Ano passado, em 2023, o Dia das Mães foi atípico. Acordei cedo para acompanhar uma querida amiga em seu momento mais doloroso: despedir-se de sua mãe, que faleceu jovem, vítima de uma enfermidade, bem no Dia das Mães. Sinto admiração por sua força e amor por quem ela tem se tornado desde então.

Neste ano, em 2024, me vejo em uma outra situação, que não achei que fosse presenciar pelo menos nos próximos anos: acompanhar de perto a dor e o luto da minha querida avó, que perdeu um de seus quatro filhos, de forma precoce e sem explicações, e que, pela primeira vez, celebrará a sua data com uma cadeira vazia e uma dor que nunca terá cura.

E acompanho, mesmo que de longe e dentro dos meus privilégios de estar segura em meu estado, os filhos, filhas e mães no Rio Grande do Sul, que passarão a data sem saber se a sua família está em segurança. 

Não falo como mãe, já que não sou, mas como filha. Filha de uma mulher que assumiu a responsabilidade de três bebês muito jovem, sem experiências, sem recursos financeiros e emocionais, buscando melhores condições através do estudo. Teve a sorte de ter seu companheiro ao seu lado, mas ainda era pouco. Sozinha e jovem em Belo Horizonte, quando mais precisava ser cuidada como filha do que cuidar como mãe. 

Crescemos com a figura materna, ser que nos alimenta (de diferentes formas) e nos protege de todo mal e é só isso que queremos e exigimos. Durante a infância, a enxergamos unicamente em sua função de mãe, sem defeitos, sendo quase que exclusivamente nossa única figura de inspiração.

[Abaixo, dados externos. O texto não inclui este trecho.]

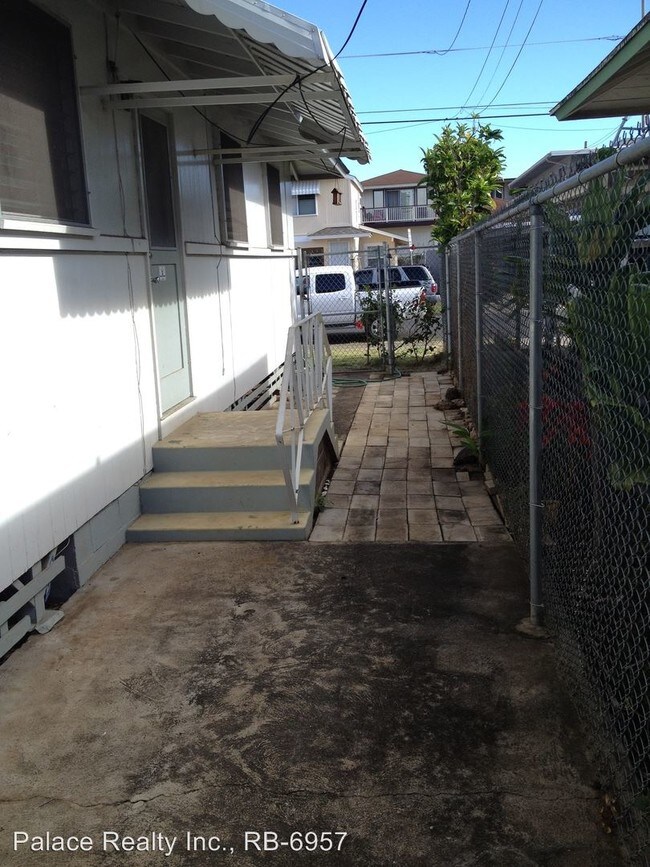 Foto del edificio - 3 br, 1 bath Apartment - 808 Olokele Avenue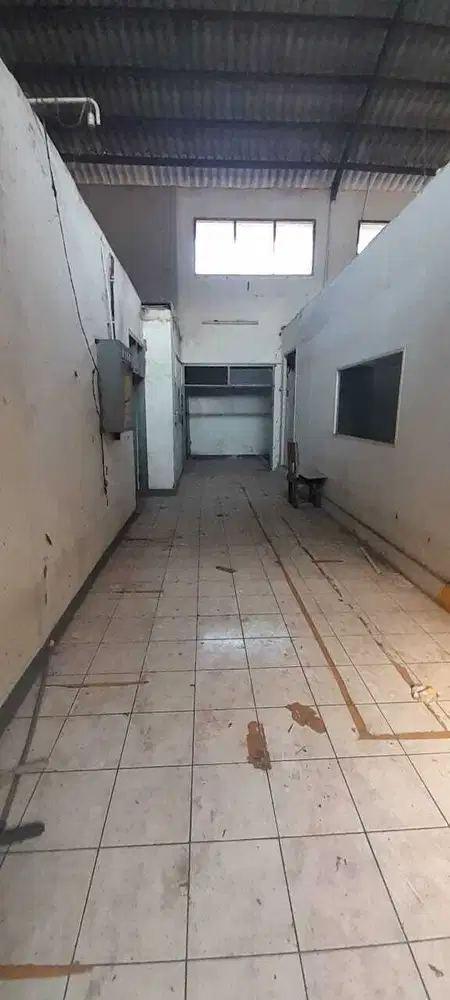 Gudang dijual hitung tanah saja di Jalan Industri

São com elas que aprendemos quem queremos ser, imitamos padrões e nos espelhamos. 

Graças à maturidade e ao crescimento pessoal, isso muda. Crescemos e a magia é quebrada. Passamos a enxergar seus defeitos, suas dificuldades, seus desejos para além de sua função como mãe, mas, sim, como mulher. E, na maioria das vezes, podemos nos decepcionar. É decepcionante ver que aquela pessoa que você achava que era um ser sem defeito, quase que heroico, é recheada deles. Não concordamos com algumas escolhas e atitudes, com visões de mundo e maneiras de ser, e, na maioria das vezes, vamos em busca da nossa liberdade e autonomia. Aprendemos a nos espelhar em outras pessoas e seguimos o nosso caminho. Acredito que todos passaremos por isso e, hoje, depois de alguns encantamentos e decepções, enxergo minha mãe como ela foi e como é: humana.

Caso um dia eu me torne mãe, minha mãe seguirá como o meu maior exemplo. Apesar de todas as adversidades da vida, problemas e situações difíceis, deu o seu melhor para os seus três filhos, com responsabilidade, doação e coragem. Sim, ser mãe é um ato heroico.